Erst in der Candacis-Episode erhält seine ,,Vanitas" wirklich einen Dämpfer: ausgerechnet einer Frau gelingt es, ihn zu überlisten. Meiner Ansicht nach ist an dieser komödienhaften Episode jedoch der Unterhaltungswert mindestens ebenso hoch zu bewerten, wie das didaktische Anliegen, zu zeigen, daß Hochmut vor dem Fall kommt - immerhin entbehrt die Episode mit ihrem Verwechselspiel nicht einer gewissen Komik. Möglich ist aber auch, daß hier versucht wurde, einen mittelalterlichen Topos zu realisieren, der sich in der hochhöfischen Zeit großer Beliebtheit erfreuen sollte: der Minnesklaventopos, auf den ich an anderer Stelle eingehen werde.

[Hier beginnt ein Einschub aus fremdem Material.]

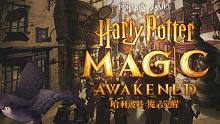 《哈利波特：魔法觉醒》快来加入霍格沃兹魔法学校吧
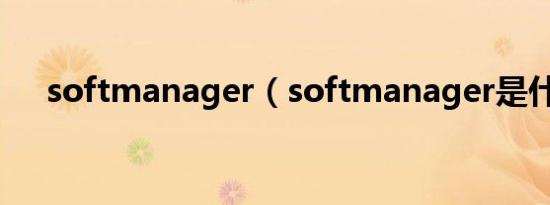softmanager（softmanager是什么）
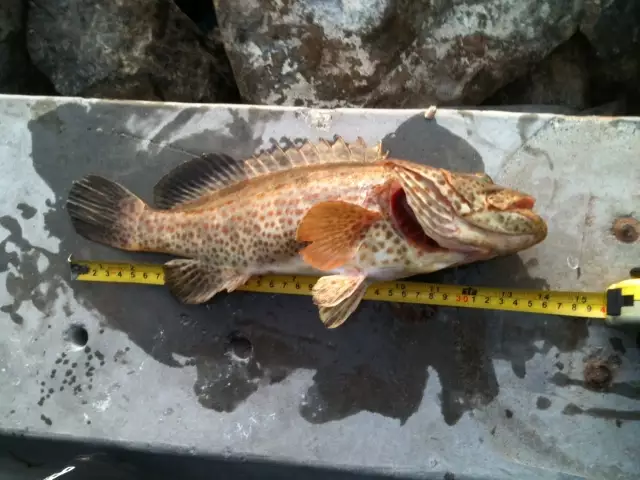 Hammour 36cm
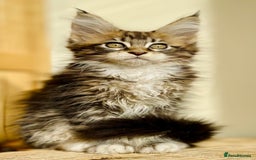 Maine Coon cats for sale: Beautiful pure bread maine coon kittens  - Image 5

Abschließend läßt sich sagen, daß Alexander durchaus Träger ritterlicher Eigenschaften ist, ,,alle Begriffe des höfischen Tugendsystems, die in den großen Epen und Romanen der Jahrzehnte um 1200 eine Rolle spielen" klingen hier zumindest an ,,und so kann Alexander schon hier als Idealbild des mittelalterlichen Ritters gelten"23. Auch ist es der Fall, daß sich im Verlaufe des Romans eine Entwicklung ergibt, die ihn diesem höfischen Ritterideal noch näherbringt, indem er von seinem ubirm û t befreit wird und die Tugend der m â ze lernt. Ich bin jedoch nicht der Meinung, daß mit der Schilderung der Orientfahrt die Darstellung eines kontinuierlichen Lernprozesses beabsichtigt war, zumal Alexander seine größte Vermessenheit, den Versuch, das Paradies zinspflichtig zu machen, erst am Ende des Romans begeht. Man könnte also behaupten, daß er zwar von Darius, den Occidraten und Candacis zur m â ze ermahnt wird, daß aber diese Warnungen letzlich ohne Wirkung auf Alexanders Ambitionen bleiben, überhebt er sich doch am Ende zu der größenwahnsinnigen Idee, das Paradies zu erobern. Erst als ein alter Jude ihm den Wunderstein deutet (V. 7155-7246), den er, nachdem er mit unendlichen Mühen, an die Mauer des Paradieses gelangt ist, erhalten hat, bevor er wie ein verirrtes Kind zurückgeschickt wurde, geht Alexander tatsächlich in sich und führt fürderhin ein Leben frei von url ô ge und giricheit (V. 7265) - er wird zum Ideal eines höfischen Herrschers.
3.1 Der Minnesklaventopos
Der Minnesklaventopos wurde erstmals im Jahre 1953 von Friedrich Mauerer24 beschrieben. Anhand des sogenannten Malterer Teppichs, eines Bildteppichs aus dem vierzehnten Jahrhundert, sowie an Textzeugen aus dem 13. und 14. Jahrhundert erläutert Maurer den Topos vom durch die Minne besiegten Mann, der sich im Hochmittelalter großer Beliebtheit erfreut zu haben scheint. Es gab ganze Kataloge von Männern, die durch die Minne ins Unglück gerieten, in denen neben biblischen und antiken Gestalten auch Alexander der Große (zum Beispiel bei Lucidarius, im Frauenlob und bei Hugo von Montfort) auftauchte. Intention bei der Verwendung dieses Topos war nach Maurer zunächst, um 1200, die Gegenüberstellung von falscher und wahrer Frauenminne, ab dem Ende des 13. Jahrhunderts aber wurden ,,die falsche Weltminne, die Liebe zur Frau, die in Schande und Leid führt" und ,,die wahre Gottesminne, die zur höchsten Freude und ewigen Seligkeit geleitet"25 in Kontrast zueinander gesetzt, wodurch die Zuhörer angehalten wurden, die wahre Minne, die ,,Liebesvereinigung mit Christus"26 zu suchen, sich der Vergänglichkeit und Schlechtigkeit der Welt bewußt zu werden und ihre Hoffnung nicht in den irdischen, sondern in den jenseitigen Bereich zu setzen. Beliebte Beispiele für ,,Minnesklaven" waren Aristoteles, Vergil und Iwein, Samson, Absalon und Holofernes, Salomon, Adam und, wie bereits erwähnt, nicht selten auch Alexander.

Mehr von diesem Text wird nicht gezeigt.